The information generation: As the penetration of communication channels grows, it has become extremely difficult for businesses and IT teams to keep pace with the expectations of the mobile consumer. The automation and simplicity offered by converged and hyper-converged infrastructure enables faster application delivery, as a major proportion of the manual process associated with allocating computer/storage/network resource will have to be managed automatically.

Increasing the ability to scale and cut down costs: This is probably the most common, business-centric catalyst for converged infrastructure deployment. Many IT teams spend up to 80 percent of their time simply running core ‘operational’ functions; delivering IT services, updating and restoring one type of infrastructure or another. With data needs rising 40-50% per year, automating and simplifying this element is key to unlocking a new wave of productivity.

Cloud reduces risks in operational infrastructure: Public cloud services tend to introduce complexity around certain control elements that help in determining service levels for new applications. For example, data protection adds an additional layer of complexity and overhead cost. On the other hand, converged infrastructure includes new elastic-cloud converged systems that can provide an extensive platform to enable private cloud computing, giving CIOs complete control of the risk profile of any given application or data set.

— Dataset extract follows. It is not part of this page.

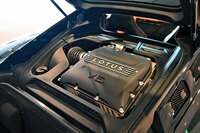 3.5リッターV6スーパーチャージドエンジン(写真)を搭載した「エミーラV6ファーストエディション」はすでに完売。今は2リッター直4ターボの「エミーラ ファーストエディション」のみ、新規の注文を受け付けているという。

Flexible infrastructure that allows small-scale testing beforehand: Maximising scalability is another key paradigm for infrastructure upgrade. Converged Infrastructure investments don’t often refer to deployment of fully built-out blocks with dozens of nodes and hundreds of terabytes of available storage. Usually, they commence with a humble 4U deployment which allows easy transition of an application to production mode on the same infrastructure after completion of the test phase. Not having to move an application between multiple testing and production platforms can shorten the application roll-out period.

Upgrading an app or managing outgoing infrastructure: Medium-sized businesses often choose to deploy converged infrastructure when a major application is due for an upgrade. This has become a common practice in mid-market companies wherein syncing software and hardware enhancement cycles is a norm. For example, when sales automation or ERP is due for a major upgrade and the supporting infrastructure is close to end-of-life, many organisations will lump the two challenges into a single project.

Extending support to new types of application or service that requires scale: Virtual desktop infrastructure (VDI) has gained immense popularity in addressing primary IT challenges. However, its performance and scale requirements are so high that organisations cannot afford to lose time and resources to solely manage operations, or it ceases to be cost-effective. Converged infrastructure is key to eliminate overhead costs needed to make VDI not only viable, but extremely effective at supporting new models for employee productivity.